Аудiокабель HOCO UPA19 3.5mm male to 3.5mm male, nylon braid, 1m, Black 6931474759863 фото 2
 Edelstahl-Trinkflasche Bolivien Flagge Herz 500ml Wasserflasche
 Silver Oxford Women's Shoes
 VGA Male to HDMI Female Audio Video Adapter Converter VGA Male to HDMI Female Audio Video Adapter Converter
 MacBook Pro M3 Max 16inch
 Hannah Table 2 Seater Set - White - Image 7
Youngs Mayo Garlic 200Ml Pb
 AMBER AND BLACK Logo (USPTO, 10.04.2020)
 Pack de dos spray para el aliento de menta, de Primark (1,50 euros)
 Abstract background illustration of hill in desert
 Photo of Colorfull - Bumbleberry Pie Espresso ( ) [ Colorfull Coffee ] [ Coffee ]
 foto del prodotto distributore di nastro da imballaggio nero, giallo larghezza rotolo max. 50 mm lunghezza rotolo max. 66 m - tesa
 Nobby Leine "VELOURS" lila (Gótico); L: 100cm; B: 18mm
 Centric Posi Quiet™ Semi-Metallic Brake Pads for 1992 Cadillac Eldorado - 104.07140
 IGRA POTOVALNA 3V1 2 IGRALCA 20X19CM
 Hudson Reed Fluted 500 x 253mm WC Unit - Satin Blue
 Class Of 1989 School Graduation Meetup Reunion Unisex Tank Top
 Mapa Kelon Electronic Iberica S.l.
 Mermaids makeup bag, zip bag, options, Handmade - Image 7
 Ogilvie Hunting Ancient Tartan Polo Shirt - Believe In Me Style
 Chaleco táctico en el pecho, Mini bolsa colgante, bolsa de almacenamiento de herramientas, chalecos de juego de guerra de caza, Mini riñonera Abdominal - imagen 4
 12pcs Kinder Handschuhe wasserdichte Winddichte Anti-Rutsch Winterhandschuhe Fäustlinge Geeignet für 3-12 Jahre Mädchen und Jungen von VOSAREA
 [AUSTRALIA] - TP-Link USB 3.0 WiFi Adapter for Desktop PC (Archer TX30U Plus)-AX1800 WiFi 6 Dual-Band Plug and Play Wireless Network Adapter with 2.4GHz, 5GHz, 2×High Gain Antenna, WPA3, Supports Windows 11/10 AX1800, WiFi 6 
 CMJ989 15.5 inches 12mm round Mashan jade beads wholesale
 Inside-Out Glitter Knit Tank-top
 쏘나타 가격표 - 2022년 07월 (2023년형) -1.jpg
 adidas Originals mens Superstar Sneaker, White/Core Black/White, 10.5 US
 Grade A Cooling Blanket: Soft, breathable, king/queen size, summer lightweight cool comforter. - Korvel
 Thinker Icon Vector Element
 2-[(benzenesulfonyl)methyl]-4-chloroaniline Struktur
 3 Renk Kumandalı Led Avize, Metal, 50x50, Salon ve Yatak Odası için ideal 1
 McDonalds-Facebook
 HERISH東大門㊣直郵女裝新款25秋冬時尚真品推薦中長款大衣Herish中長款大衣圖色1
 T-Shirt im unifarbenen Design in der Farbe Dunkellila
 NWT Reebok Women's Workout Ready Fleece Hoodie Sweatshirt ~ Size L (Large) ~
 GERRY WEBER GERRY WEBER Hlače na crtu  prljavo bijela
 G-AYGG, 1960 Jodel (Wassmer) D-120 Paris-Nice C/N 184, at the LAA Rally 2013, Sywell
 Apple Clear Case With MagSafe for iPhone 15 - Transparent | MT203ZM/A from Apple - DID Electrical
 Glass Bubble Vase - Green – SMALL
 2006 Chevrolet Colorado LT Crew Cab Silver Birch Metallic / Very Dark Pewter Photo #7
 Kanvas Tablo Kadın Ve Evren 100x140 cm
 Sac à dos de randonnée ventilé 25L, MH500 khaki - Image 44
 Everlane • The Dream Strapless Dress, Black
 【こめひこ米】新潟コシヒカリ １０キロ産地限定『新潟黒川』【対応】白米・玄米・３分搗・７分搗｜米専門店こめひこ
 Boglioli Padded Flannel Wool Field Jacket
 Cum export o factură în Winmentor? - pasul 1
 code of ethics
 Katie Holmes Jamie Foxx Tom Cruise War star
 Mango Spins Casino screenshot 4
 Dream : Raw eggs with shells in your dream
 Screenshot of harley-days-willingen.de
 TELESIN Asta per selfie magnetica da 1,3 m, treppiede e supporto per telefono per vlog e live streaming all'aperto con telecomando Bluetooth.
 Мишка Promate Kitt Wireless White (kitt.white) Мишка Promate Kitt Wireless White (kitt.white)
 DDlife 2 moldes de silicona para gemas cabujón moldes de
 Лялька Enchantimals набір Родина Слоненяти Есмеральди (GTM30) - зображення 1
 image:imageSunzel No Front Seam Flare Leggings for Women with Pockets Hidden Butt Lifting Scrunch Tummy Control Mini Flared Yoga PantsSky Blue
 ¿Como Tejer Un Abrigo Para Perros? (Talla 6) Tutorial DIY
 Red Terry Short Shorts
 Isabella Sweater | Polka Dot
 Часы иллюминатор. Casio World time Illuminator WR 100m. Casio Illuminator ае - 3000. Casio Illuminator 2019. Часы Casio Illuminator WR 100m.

────────────────

## Your objective:
All of the records must be retyped exactly as they are.

## Response for this exercise:
Аудiокабель HOCO UPA19 3.5mm male to 3.5mm male, nylon braid, 1m, Black 6931474759863 фото 2
 Edelstahl-Trinkflasche Bolivien Flagge Herz 500ml Wasserflasche
 Silver Oxford Women's Shoes
 VGA Male to HDMI Female Audio Video Adapter Converter VGA Male to HDMI Female Audio Video Adapter Converter
 MacBook Pro M3 Max 16inch
 Hannah Table 2 Seater Set - White - Image 7
Youngs Mayo Garlic 200Ml Pb
 AMBER AND BLACK Logo (USPTO, 10.04.2020)
 Pack de dos spray para el aliento de menta, de Primark (1,50 euros)
 Abstract background illustration of hill in desert
 Photo of Colorfull - Bumbleberry Pie Espresso ( ) [ Colorfull Coffee ] [ Coffee ]
 foto del prodotto distributore di nastro da imballaggio nero, giallo larghezza rotolo max. 50 mm lunghezza rotolo max. 66 m - tesa
 Nobby Leine "VELOURS" lila (Gótico); L: 100cm; B: 18mm
 Centric Posi Quiet™ Semi-Metallic Brake Pads for 1992 Cadillac Eldorado - 104.07140
 IGRA POTOVALNA 3V1 2 IGRALCA 20X19CM
 Hudson Reed Fluted 500 x 253mm WC Unit - Satin Blue
 Class Of 1989 School Graduation Meetup Reunion Unisex Tank Top
 Mapa Kelon Electronic Iberica S.l.
 Mermaids makeup bag, zip bag, options, Handmade - Image 7
 Ogilvie Hunting Ancient Tartan Polo Shirt - Believe In Me Style
 Chaleco táctico en el pecho, Mini bolsa colgante, bolsa de almacenamiento de herramientas, chalecos de juego de guerra de caza, Mini riñonera Abdominal - imagen 4
 12pcs Kinder Handschuhe wasserdichte Winddichte Anti-Rutsch Winterhandschuhe Fäustlinge Geeignet für 3-12 Jahre Mädchen und Jungen von VOSAREA
 [AUSTRALIA] - TP-Link USB 3.0 WiFi Adapter for Desktop PC (Archer TX30U Plus)-AX1800 WiFi 6 Dual-Band Plug and Play Wireless Network Adapter with 2.4GHz, 5GHz, 2×High Gain Antenna, WPA3, Supports Windows 11/10 AX1800, WiFi 6 
 CMJ989 15.5 inches 12mm round Mashan jade beads wholesale
 Inside-Out Glitter Knit Tank-top
 쏘나타 가격표 - 2022년 07월 (2023년형) -1.jpg
 adidas Originals mens Superstar Sneaker, White/Core Black/White, 10.5 US
 Grade A Cooling Blanket: Soft, breathable, king/queen size, summer lightweight cool comforter. - Korvel
 Thinker Icon Vector Element
 2-[(benzenesulfonyl)methyl]-4-chloroaniline Struktur
 3 Renk Kumandalı Led Avize, Metal, 50x50, Salon ve Yatak Odası için ideal 1
 McDonalds-Facebook
 HERISH東大門㊣直郵女裝新款25秋冬時尚真品推薦中長款大衣Herish中長款大衣圖色1
 T-Shirt im unifarbenen Design in der Farbe Dunkellila
 NWT Reebok Women's Workout Ready Fleece Hoodie Sweatshirt ~ Size L (Large) ~
 GERRY WEBER GERRY WEBER Hlače na crtu  prljavo bijela
 G-AYGG, 1960 Jodel (Wassmer) D-120 Paris-Nice C/N 184, at the LAA Rally 2013, Sywell
 Apple Clear Case With MagSafe for iPhone 15 - Transparent | MT203ZM/A from Apple - DID Electrical
 Glass Bubble Vase - Green – SMALL
 2006 Chevrolet Colorado LT Crew Cab Silver Birch Metallic / Very Dark Pewter Photo #7
 Kanvas Tablo Kadın Ve Evren 100x140 cm
 Sac à dos de randonnée ventilé 25L, MH500 khaki - Image 44
 Everlane • The Dream Strapless Dress, Black
 【こめひこ米】新潟コシヒカリ １０キロ産地限定『新潟黒川』【対応】白米・玄米・３分搗・７分搗｜米専門店こめひこ
 Boglioli Padded Flannel Wool Field Jacket
 Cum export o factură în Winmentor? - pasul 1
 code of ethics
 Katie Holmes Jamie Foxx Tom Cruise War star
 Mango Spins Casino screenshot 4
 Dream : Raw eggs with shells in your dream
 Screenshot of harley-days-willingen.de
 TELESIN Asta per selfie magnetica da 1,3 m, treppiede e supporto per telefono per vlog e live streaming all'aperto con telecomando Bluetooth.
 Мишка Promate Kitt Wireless White (kitt.white) Мишка Promate Kitt Wireless White (kitt.white)
 DDlife 2 moldes de silicona para gemas cabujón moldes de
 Лялька Enchantimals набір Родина Слоненяти Есмеральди (GTM30) - зображення 1
 image:imageSunzel No Front Seam Flare Leggings for Women with Pockets Hidden Butt Lifting Scrunch Tummy Control Mini Flared Yoga PantsSky Blue
 ¿Como Tejer Un Abrigo Para Perros? (Talla 6) Tutorial DIY
 Red Terry Short Shorts
 Isabella Sweater | Polka Dot
 Часы иллюминатор. Casio World time Illuminator WR 100m. Casio Illuminator ае - 3000. Casio Illuminator 2019. Часы Casio Illuminator WR 100m.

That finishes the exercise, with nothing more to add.